ただ不思議と怖さや危機感はなく、あまりこの後のことは覚えていません。
更に次の打席、私は明らかに異様な光景を目にしました。
これが『ゾーン』だと思える理由で、相手投手の投げる球がとても遅く見えたのです。
本当にフリーバッティング用のボールを投げてくれているのではと感じるほどで、いとも簡単に捉えることができました。

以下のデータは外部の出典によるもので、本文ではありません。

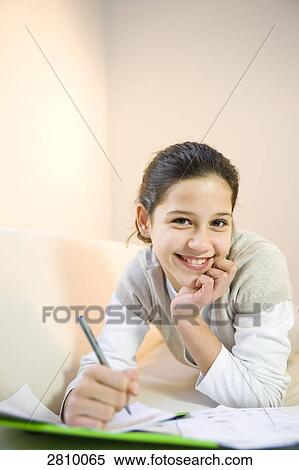 Girl writing on sheet of paper and smiling View Large Photo Image Stock Photography - Girl writing on sheet of paper and smiling . Fotosearch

結果はホームラン、実はこれが人生で初めてのホームランだったのです。
きっと先のデッドボールのことがあったため、相手バッテリーが軽く投げてくれたのだと思いました。
だからこそ大きな喜び方はしなかった記憶があります。
ですがベンチへ帰ると、仲間たちが物凄い勢いで祝福をしてくれました。
「お前あんな球打てるなんて凄過ぎ!」
「いつもと別人みたいだったぞ!」
「いつの間にあんなパワー身に付けたの?」
確か、このようなことを言われていた気がします。
後からこの試合のVTRを見せてもらって知ったのですが、このとき私が打った球は推定140kmのストレートでした。

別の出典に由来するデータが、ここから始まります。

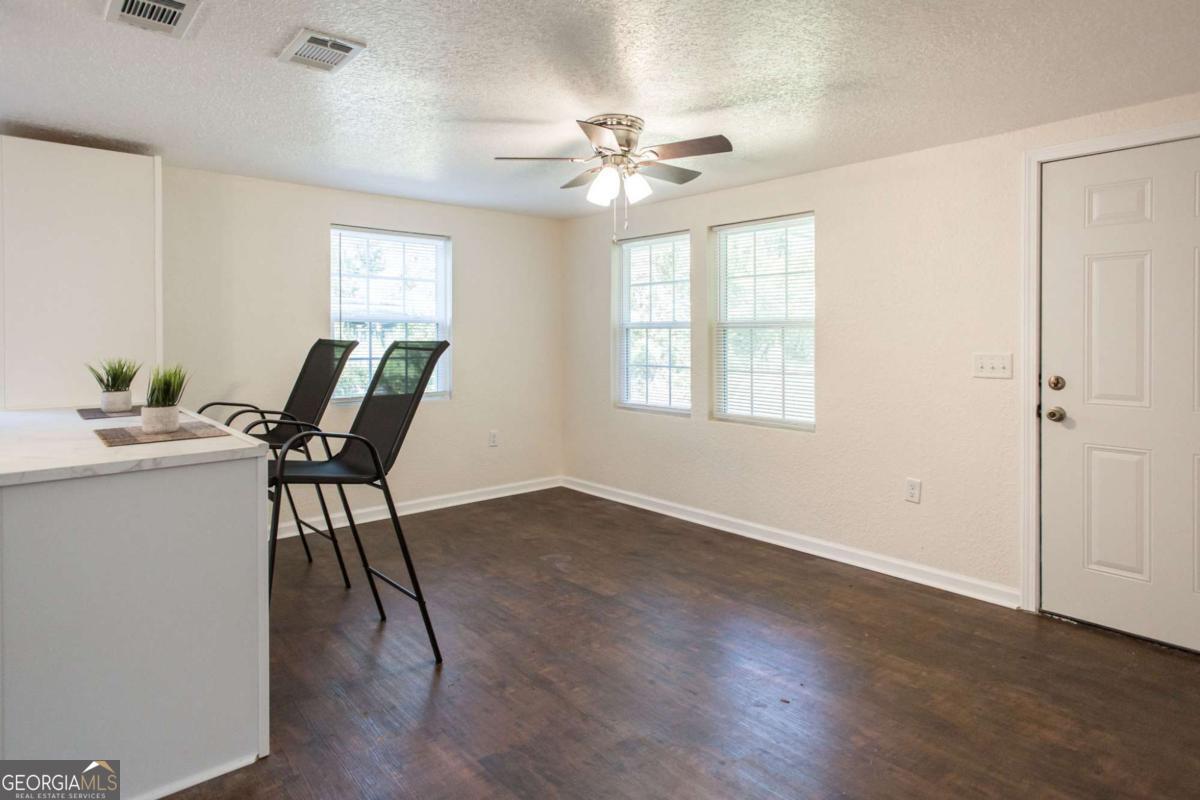 1410 Hazel Street Waycross, GA 31501 - Photo 5 of 21 a view of a dining room with furniture and a chandelier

相手は県内でも有数のエース格、打ったボールはホームランエリアの再奥まで飛んでいます。
私の実力では、まぐれでも絶対に打てないような当たりでした。
結局この試合は、最後のゲームセットの声まで集中力が切れなかったです。
敗れはしたものの試合後の話題は私のホームランで持ち切り、次は4番を打たせようという冗談まで飛び出していました。
何だか全身がむず痒かったです。
後日、この体験を顧問の先生に話しました。
するとそこで出されたのが、いわゆる「ゾーン」の話でした。
恐らく頭部にデッドボールを受けた影響で、何かのスイッチが入ったのかもしれないとのことです。
それでも本来の力がなければ結果は出ないと言われ、とても嬉しくなったのを覚えています。
あのとてつもない集中力、異様なスローモーションの光景、これらは以来再び経験することはありませんでした。
とはいえこの経験があったおかげで、私は高校に進学してからも3年間野球を続ける決意ができたのです。
「ゾーン」、それは無我の境地とも呼ばれる、理屈では解明できない世界です。
実際に体験したからこそ、私にもよくそれが理解できます。
ただ地味で何の華もない選手だった私に、輝くチャンスをくれました。
不思議な経験だったと共に、誇らしい経験として今も私の記憶の中に刻まれています。